Şimdi maksadımız, o silsile-i nuraniyeyi ihtizaza getirmekle, herkesi bir şevk-i hâhiş-i vicdaniye ile tarîk-i terakkide kâbe-i kemalâta sevk etmektir. Zira i’lâ-i kelimetullahın bu zamanda bir büyük sebebi, maddeten terakki etmektir.

İşte ben bu ittihadın efradındanım. Ve bu ittihadın tezahürüne teşebbüs edenlerdenim. Yoksa sebeb-i iftirak olan fırkalardan, partilerden değilim.

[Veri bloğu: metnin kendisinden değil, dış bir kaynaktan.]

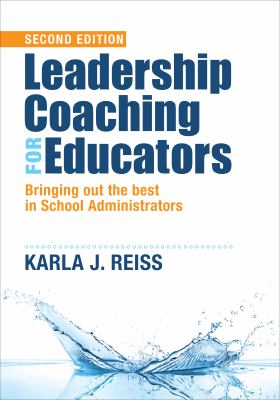 Leadership coaching for educators : bringing out the best in school administrators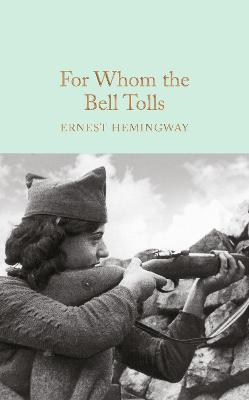 COLLECTOR'S LIBRARY : FOR WHOM THE BELL TOLLS
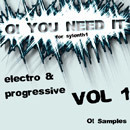 O! You Need It Electro & Progressive Vol 1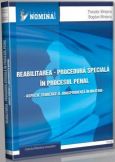 Reabilitarea - procedura speciala in procesul penal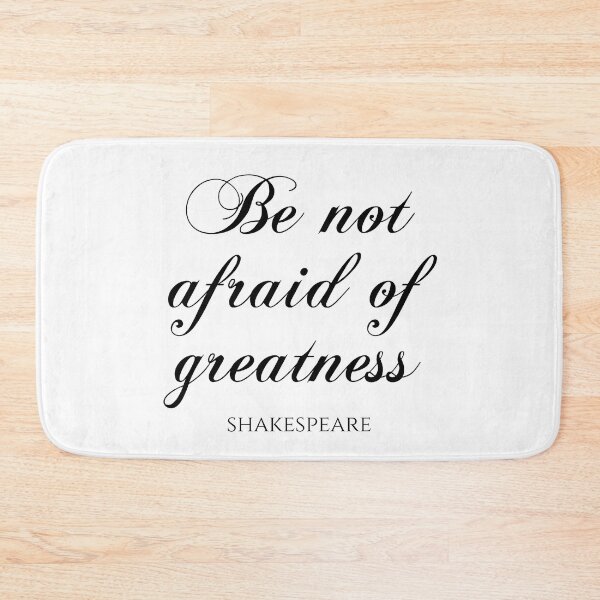 Item preview, Be Not Afraid Of Greatness - Shakespeare designed and sold by PhiloJourney.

Elhasıl: Sultan Selim’e biat etmişim. Onun ittihad-ı İslâm’daki fikrini kabul ettim. Zira o Vilayat-ı Şarkiye’yi ikaz etti. Onlar da ona biat ettiler. Şimdiki Şarklılar, o zamandaki Şarklılardır. Bu meselede seleflerim, Şeyh Cemaleddin-i Efganî, allâmelerden Mısır Müftüsü merhum Muhammed Abdüh, müfrit âlimlerden Ali Suavi, Hoca Tahsin ve ittihad-ı İslâm’ı hedef tutan Namık Kemal ve Sultan Selim’dir ki demiş:

İhtilaf u tefrika endişesi

Kûşe-i kabrimde hattâ bîkarar eyler beni

İttihatken savlet-i a’dayı def’e çaremiz

İttihat etmezse millet, dağdar eyler beni…

Yavuz Sultan Selim

Ben zahiren buna teşebbüs ettim, iki maksad-ı azîm için:

Birincisi: O ismi tahdid ve tahsisten halâs etmek ve umum mü’minlere şümulünü ilan etmek. Tâ ki tefrika düşmesin ve evham çıkmasın.

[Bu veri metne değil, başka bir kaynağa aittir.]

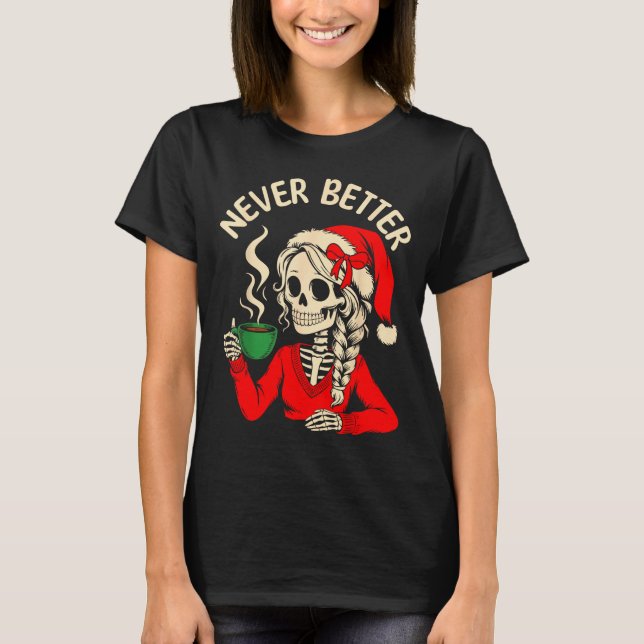Skeleton Girl Santa Drinking Coffee Xmas Funny Sku T Shirt (Framsida)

İkincisi: Bu geçen musibet-i azîmeye sebebiyet veren fırkaların iftirakının, tevhid ile önüne set olmaktı. Vâ esefâ ki zaman fırsat vermedi. Sel geldi, beni de yıktı. Hem derdim: Bir yangın olsa bir parçasını söndüreceğim. Fakat hocalık elbisem de yandı. Ve uhdesinden gelemediğim bir yalancı şöhret de maalmemnuniye ref’ oldu.

Ben ki âdi bir adamım. Böyle meclis-i mebusan ve a’yan ve vükelanın en mühim vazifelerini düşündürecek bir emri, uhdeme aldım. Demek cinayet ettim…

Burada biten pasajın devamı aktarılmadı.